Teenagers aged 14 and 15 have the lowest levels of life satisfaction of all children according to research by The Children’s Society.
Teenage years are the most unhappy, new research finds

The Children's Society's second annual Good Childhood Report shows that children’s happiness and satisfaction levels overall have continued to stall following a rise from 1994 to 2008.

Forty-two thousand children aged eight to 17 were surveyed on factors including their families' financial situation, health, education, behaviour, housing,sense of independence and their relationships with friends and family.

Children with low well-being are over 20 times less likely than other children to feel safe at home, eight times more likely to say that their family does not get along well together and five times more likely to report having recently been bullied. The amount of harmony, support and parental control within families all have a significant impact on children's well-being.

Matthew Reed, Chief Executive of The Children's Society, said:

"The well-being of our future generation in the UK is critical. So it is incredibly worrying that any improvements this country has seen in children's well-being over the last two decades appear to have stalled.

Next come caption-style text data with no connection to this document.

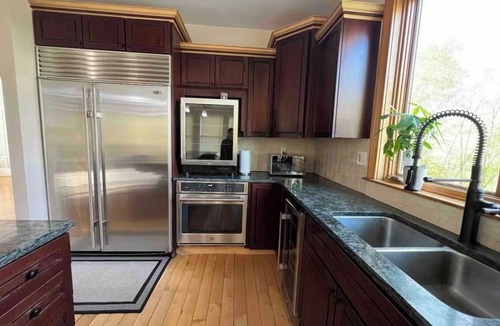 Columbia House | Breathtaking home with unforgettable views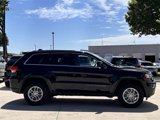 Used 2018 Jeep Grand Cherokee Laredo image 3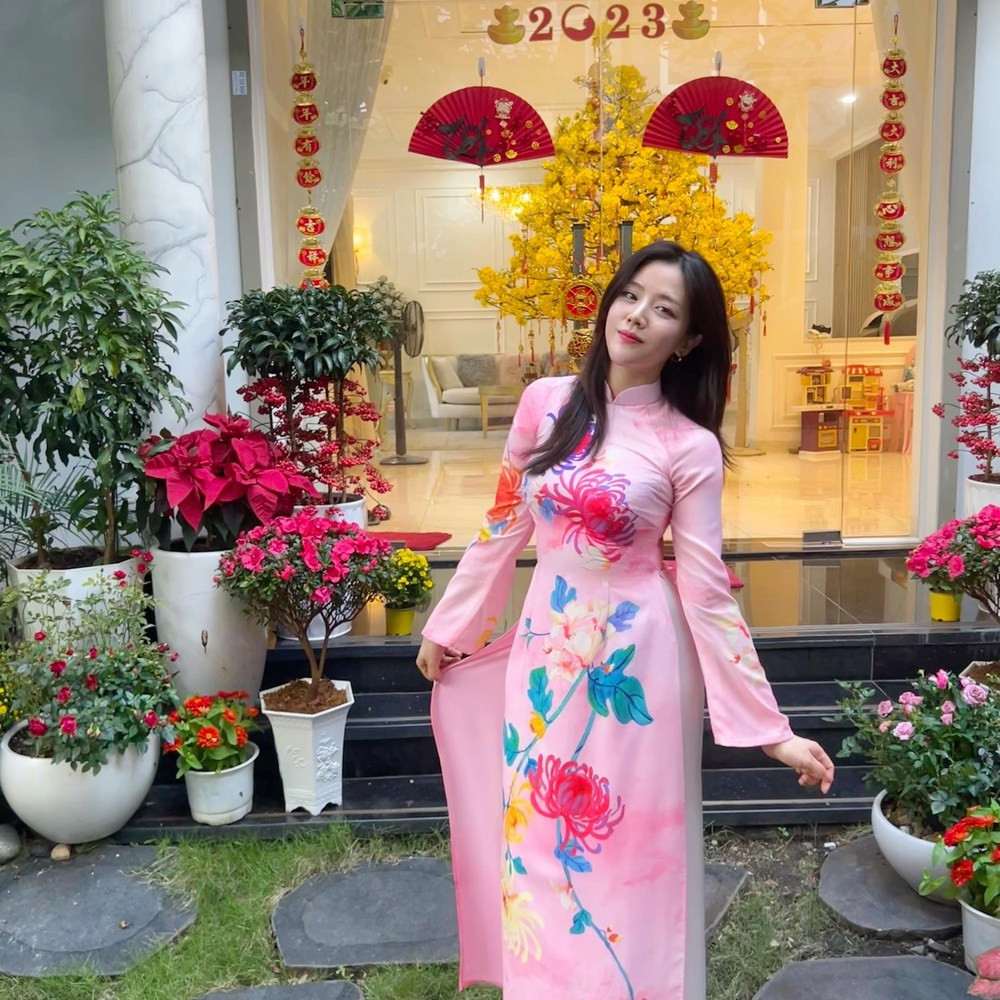 Đây là lần hiếm hoi em gái Ông Cao Thắng được cảm nhận không khí năm mới tại Việt Nam.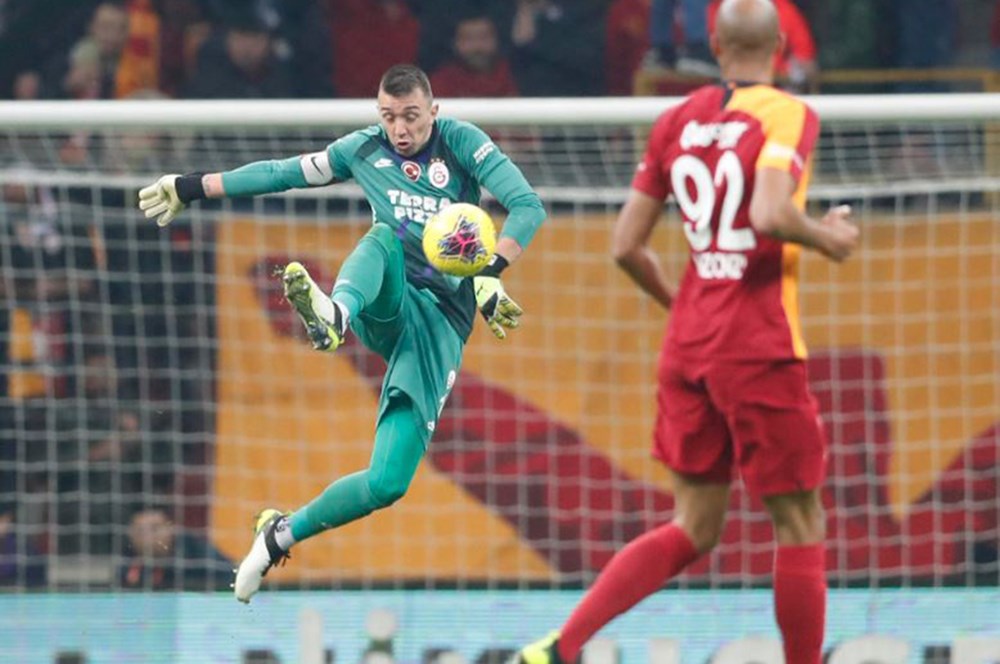 Fernando Muslera, Sarı-Kırmızılıların Büyükşehir Belediye Erzurumspor'u ağırladı maçta üçüncü kez "dalya" dedi. 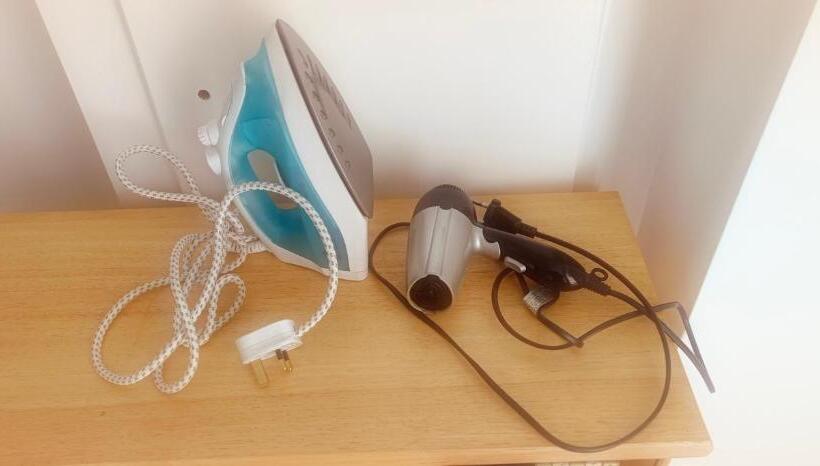 Pensionat Vishisamarth Com 8f 15 Min Walk To Coop, Arena ,etihad ,city Centre, Free Car Parking ,free Snacks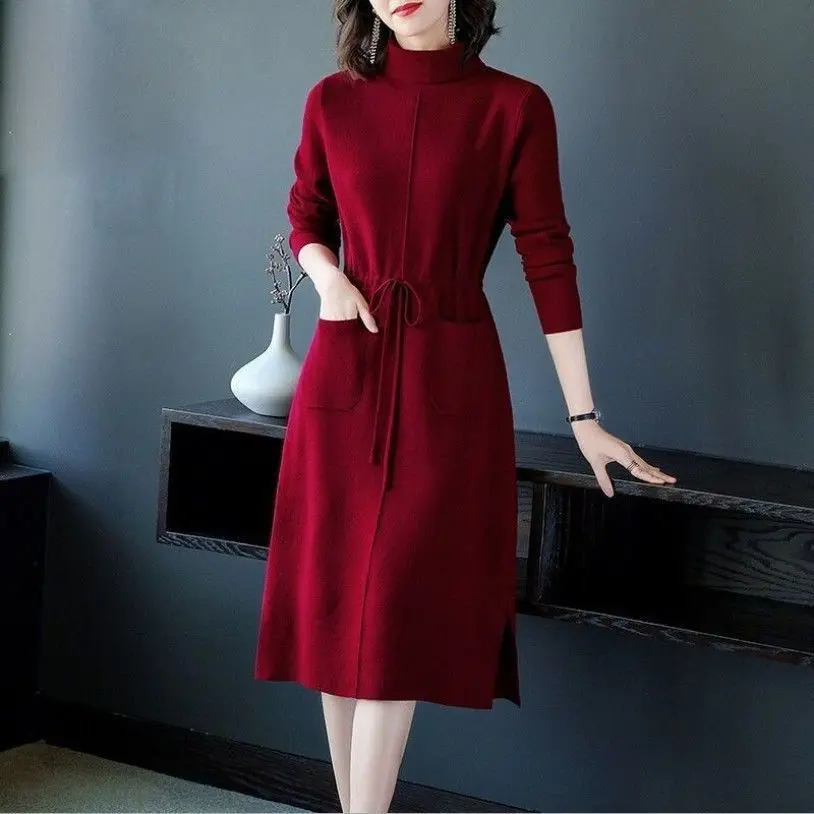 Váy Cơ Sở Dài Trung Bình Thời Trang Thường Ngày Phong Cách Mùa Thu Và Mùa Đông Mới, Cổ Lọ Nửa, Cổ Thấp Cổ Điển Thích Hợp Cho Giới Trẻ Nữ Dress Tre Khuy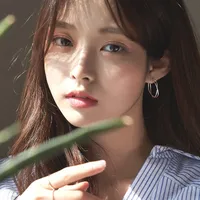 Yh368 Korean S925 Sterling Silver Stud Earrings Simple Interweaving Wave Distorted main image 3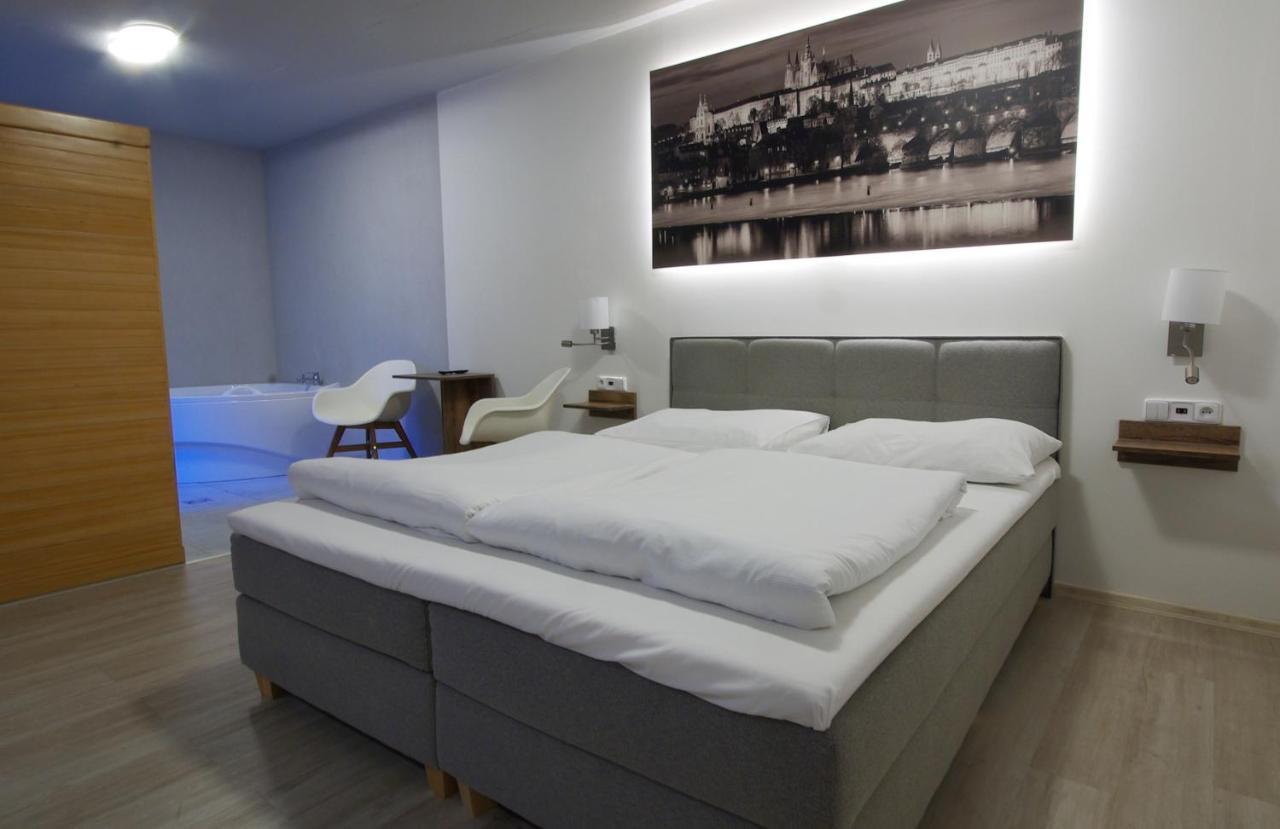 Hotell Adeba Prag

"These startling findings show that we should be paying particular attention to improving the happiness of this country's teenagers. These findings clearly show that we can't simply dismiss their low well-being as inevitable 'teen grumpiness'. They are facing very real problems we can all work to solve, such as not feeling safe at home, being exposed to family conflict or being bullied.

'It is so important that we all, from governments to professionals to parents,talk, listen and take seriously what children and teenagers are telling us."